Restate word for word the entries below, starting with the line with "Snapshot of y0urlilgf" and continuing through the line with "906 N Kansas". Include both of those lines and no others.

RAW DATA Block Start

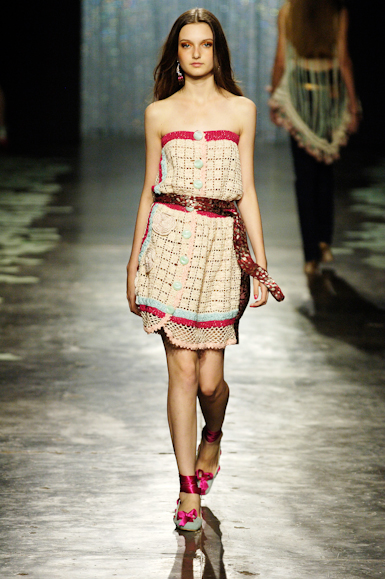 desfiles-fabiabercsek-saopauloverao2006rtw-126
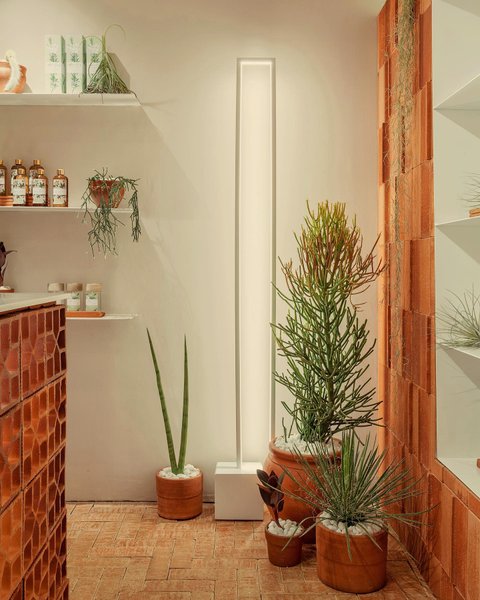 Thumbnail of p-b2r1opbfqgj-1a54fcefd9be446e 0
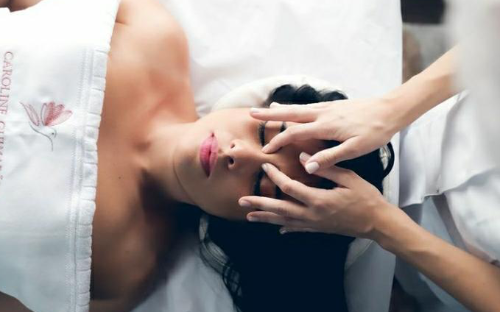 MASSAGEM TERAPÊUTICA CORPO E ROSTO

RAW DATA Block End
RAW DATA Block Start

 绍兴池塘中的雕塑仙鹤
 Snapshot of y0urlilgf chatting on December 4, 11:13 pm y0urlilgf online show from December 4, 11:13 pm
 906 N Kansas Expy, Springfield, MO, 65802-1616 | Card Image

RAW DATA Block End

== YOUR RESPONSE ==
 Snapshot of y0urlilgf chatting on December 4, 11:13 pm y0urlilgf online show from December 4, 11:13 pm
 906 N Kansas Expy, Springfield, MO, 65802-1616 | Card Image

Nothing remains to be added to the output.